Have you heard the quizzical statement 'It took God a week to create the world. All the rest was made in China’ ? In fact, many a true word is spoken in jest. Paper, gunpowder, a compass, silk, alcohol, noodles, a kite, Chinese horoscope, Feng shui,... the list of Chinese inventions is VERY impressive.
The first roots of Love for this extraordinary country was kindled in me when I was 9 or 10 - don't remember exactly- I was on summer holidays at my granny's place and was enjoying my time in the attic imagining that I was a savvy archeologist searching for vintage artifacts. I even had a special log where I used to note down some "historic” details about the most fascinating things that I was lucky to 'dig out'. One day I found an old book with a
shabby green cover dated back to 1940s.. Apparently, it wasn't a book for kids as there were no pictures at all and the font was too small but some inner voice made me start reading it. And I still remember the feeling about that book - it was DIFFERENT from what I had read so far. Now contemplating about my reading taste, I see that it might have been partly formed by that Chinese book, as every time when I get to reading something, I subconsciously compare whether it has the same emotional effect on me or not. Unfortunately I don't remember the plot of that green book, just only that it was about foxes -they are something like European 'fairies' in Chinese folklore, it was just deep admiration of another culture I knew nothing about.

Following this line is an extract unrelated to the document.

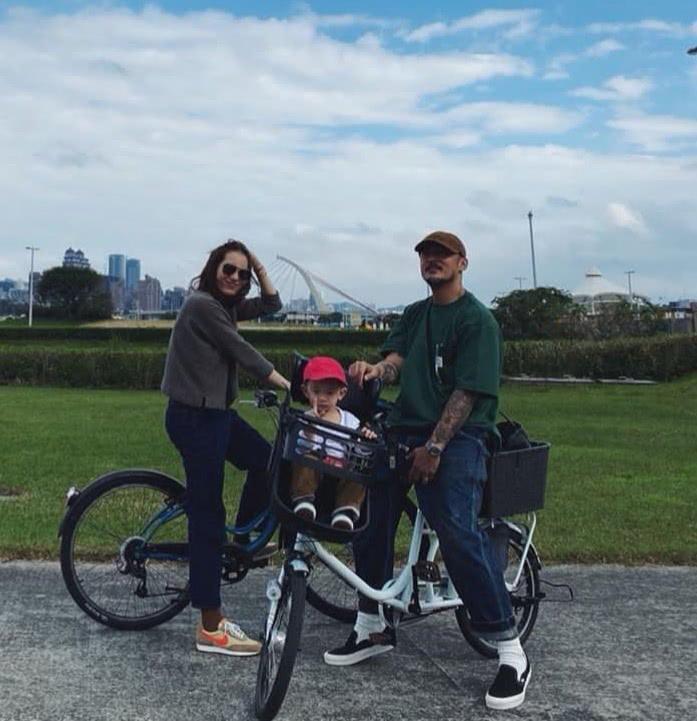 余文乐现在的婚姻,余文乐和老婆最新近照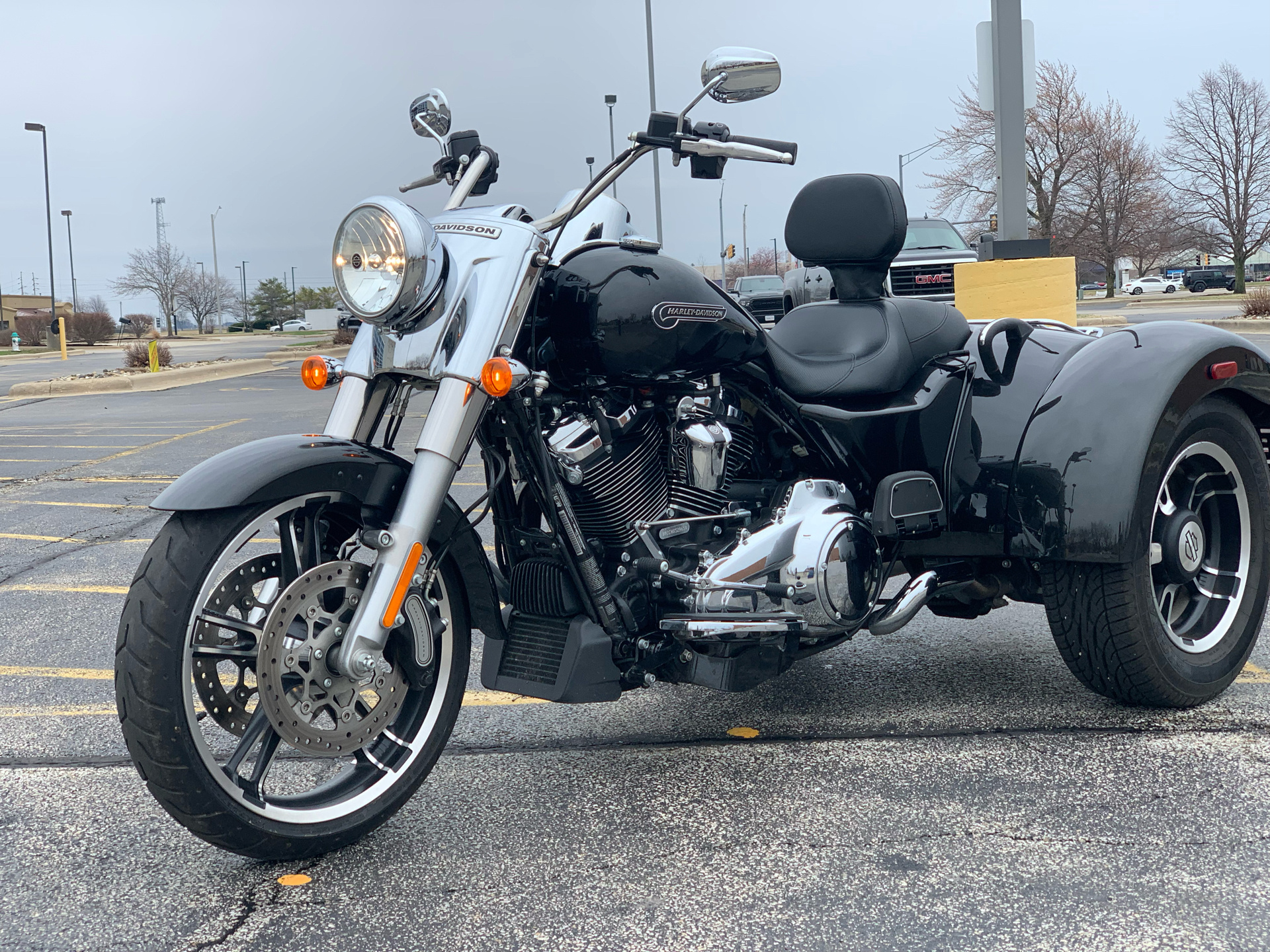 Harley-Davidson Freewheeler, Pre-owned black quartz, Specs photos, Forsyth dealership, 1920x1440 HD Desktop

Many years later, thanks to my passion for online shopping from Chinese stores, I had an opportunity bits by bits to explore China more closely through reading blogs, watching youtube videos and looking through numerous pictures. I even took up learning the Chinese language, frankly, with varied success. What still amazes me is that I can't remember any particular names apart from Konfuci, Mao Zedong, Jackie Chan and Bruce Lee. Why? Perhaps it's due to my personal ignorance and poor memory or Asian approach to a Person which is absolutely opposite to European one as they value collective identity rather than individuality.
Now I can say that those random patchwork facts and sudden 'wow' impressions
weaved a sophisticated intricacy of already known and still veiled information about China which is pushing me to visit this ancient country and see it for myself and I’ve already made a collection of "must see places before you die”.
Let me share some more things I admire about China.
What makes a country powerful and magnetic? People.
You might say that the picture below looks like a Photoshop trick, right?
They are real human footprints (btw 1.2 inches deep) left by a Budhist monk who spent 70 years praying on this wooden plank 3000 times a day! DEVOTION! - Chinese are all devoted to their country and families and I value it very much.
Chinese medicine has been working its magic curing everything from a splitting headache to broken bones for about 23 centuries, it's an acknowledged fact about acupuncture and herbs. Besides, I've tried some herbs by myself and with positive effects. I trust the approach Chinese medicine applies - a person is a garden (not a machine) and doctors are gardeners (not mechanics)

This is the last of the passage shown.